Марк Твен - Приключения Гекльберри Финна
– Так вот: негр отпер висячий замок, когда вошёл туда, и опять его запер, когда вышел. А когда мы вставали из-за стола, он принёс дяде ключ – тот самый ключ, наверно. Арбуз – это, значит, человек; ключ – значит, кто-то там заперт; а вряд ли двое сидят под замком на такой маленькой плантации, где народ такой добрый и хороший. Это Джим и сидит. Ладно, я очень рад, что мы до этого сами додумались, как полагается сыщикам; за всякий другой способ я гроша ломаного не дам. Теперь ты пошевели мозгами, придумай план, как выкрасть Джима, и я тоже придумаю свой план, а там мы выберем, который больше понравится.
Ну и голова была у Тома Сойера, хоть бы и взрослому! По мне, лучше иметь такую голову, чем быть герцогом, или капитаном парохода, или клоуном в цирке, или уж не знаю кем.
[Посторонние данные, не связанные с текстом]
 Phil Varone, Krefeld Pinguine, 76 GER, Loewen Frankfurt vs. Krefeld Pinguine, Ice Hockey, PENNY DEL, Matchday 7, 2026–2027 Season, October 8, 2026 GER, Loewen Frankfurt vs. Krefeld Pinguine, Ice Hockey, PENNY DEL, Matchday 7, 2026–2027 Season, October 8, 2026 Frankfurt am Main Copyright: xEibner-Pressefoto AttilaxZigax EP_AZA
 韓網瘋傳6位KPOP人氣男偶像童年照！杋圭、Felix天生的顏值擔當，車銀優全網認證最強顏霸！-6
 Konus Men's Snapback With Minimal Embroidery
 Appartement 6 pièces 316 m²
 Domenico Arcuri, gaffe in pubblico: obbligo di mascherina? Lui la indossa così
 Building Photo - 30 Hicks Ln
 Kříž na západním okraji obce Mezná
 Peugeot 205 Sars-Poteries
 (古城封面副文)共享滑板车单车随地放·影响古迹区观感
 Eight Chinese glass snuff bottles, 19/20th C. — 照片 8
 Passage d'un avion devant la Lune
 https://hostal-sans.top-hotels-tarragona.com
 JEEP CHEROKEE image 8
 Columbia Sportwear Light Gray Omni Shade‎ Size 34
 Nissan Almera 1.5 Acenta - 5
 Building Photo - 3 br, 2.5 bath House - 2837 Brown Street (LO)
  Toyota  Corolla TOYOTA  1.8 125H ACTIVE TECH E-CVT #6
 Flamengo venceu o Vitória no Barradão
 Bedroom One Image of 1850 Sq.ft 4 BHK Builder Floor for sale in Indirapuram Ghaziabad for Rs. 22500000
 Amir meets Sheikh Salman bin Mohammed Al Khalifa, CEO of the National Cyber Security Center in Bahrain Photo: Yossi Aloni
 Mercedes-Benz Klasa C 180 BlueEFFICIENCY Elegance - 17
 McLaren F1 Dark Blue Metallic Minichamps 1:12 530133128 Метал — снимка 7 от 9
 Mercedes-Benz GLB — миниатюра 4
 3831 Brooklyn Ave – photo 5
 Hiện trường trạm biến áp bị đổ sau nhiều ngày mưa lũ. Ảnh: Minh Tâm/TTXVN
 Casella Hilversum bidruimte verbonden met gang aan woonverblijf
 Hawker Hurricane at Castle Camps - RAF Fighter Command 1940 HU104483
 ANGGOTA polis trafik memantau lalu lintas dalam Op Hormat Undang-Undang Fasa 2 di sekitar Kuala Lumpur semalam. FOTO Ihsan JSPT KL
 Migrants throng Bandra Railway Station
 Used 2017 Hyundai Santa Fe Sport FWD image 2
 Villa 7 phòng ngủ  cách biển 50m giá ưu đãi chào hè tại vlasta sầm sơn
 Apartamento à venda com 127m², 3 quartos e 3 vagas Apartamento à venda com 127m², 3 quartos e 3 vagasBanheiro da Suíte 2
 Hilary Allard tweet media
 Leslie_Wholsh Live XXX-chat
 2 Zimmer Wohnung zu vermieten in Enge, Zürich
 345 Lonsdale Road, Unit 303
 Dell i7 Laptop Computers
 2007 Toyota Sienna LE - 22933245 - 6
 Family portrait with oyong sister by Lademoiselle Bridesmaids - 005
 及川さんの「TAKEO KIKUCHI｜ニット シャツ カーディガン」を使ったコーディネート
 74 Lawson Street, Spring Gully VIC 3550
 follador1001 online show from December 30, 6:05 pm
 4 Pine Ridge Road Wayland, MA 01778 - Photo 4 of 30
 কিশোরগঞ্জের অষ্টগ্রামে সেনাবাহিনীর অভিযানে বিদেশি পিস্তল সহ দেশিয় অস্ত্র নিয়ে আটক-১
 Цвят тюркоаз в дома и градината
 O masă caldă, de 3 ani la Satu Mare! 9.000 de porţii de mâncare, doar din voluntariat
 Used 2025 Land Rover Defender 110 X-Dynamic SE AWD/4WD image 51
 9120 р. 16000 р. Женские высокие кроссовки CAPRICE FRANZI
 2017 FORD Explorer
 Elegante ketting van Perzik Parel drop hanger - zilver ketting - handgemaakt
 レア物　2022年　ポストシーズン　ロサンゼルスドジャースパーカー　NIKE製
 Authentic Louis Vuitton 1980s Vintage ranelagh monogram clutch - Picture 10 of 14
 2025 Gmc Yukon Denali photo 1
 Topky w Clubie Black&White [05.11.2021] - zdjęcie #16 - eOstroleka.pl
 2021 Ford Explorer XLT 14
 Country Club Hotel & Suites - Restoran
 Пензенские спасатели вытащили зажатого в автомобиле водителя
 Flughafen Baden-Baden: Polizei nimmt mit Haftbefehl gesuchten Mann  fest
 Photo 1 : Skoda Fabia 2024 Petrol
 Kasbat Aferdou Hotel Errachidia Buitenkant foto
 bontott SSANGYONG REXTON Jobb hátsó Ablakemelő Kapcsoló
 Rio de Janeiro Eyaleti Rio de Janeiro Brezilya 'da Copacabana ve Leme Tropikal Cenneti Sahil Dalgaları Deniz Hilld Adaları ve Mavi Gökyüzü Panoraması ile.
Я придумал кой-что так только, ради очистки совести: я наперёд знал, кто придумает настоящий план. Немного погодя Том сказал:
– Готово у тебя?
– Да, – говорю.
– Ну ладно, выкладывай.
– Вот какой мой план, – говорю. – Джим там сидит или кто другой – узнать нетрудно. А завтра ночью мы достанем мой челнок и переправим плот с острова. А там, в первую же тёмную ночь, вытащим ключ у старика из кармана, когда он ляжет спать, и уплывём вниз по реке вместе с Джимом; днём будем прятаться, а ночью – плыть, как мы с Джимом раньше делали. Годится такой план?
– Годится ли? Почему ж не годится, очень даже годится! Но только уж очень просто, ничего в нём особенного нет. Что это за план, если с ним никакой возни не требуется? Грудной младенец – и тот справится. Не будет ни шума, ни разговоров, всё равно что после кражи на мыловаренном заводе.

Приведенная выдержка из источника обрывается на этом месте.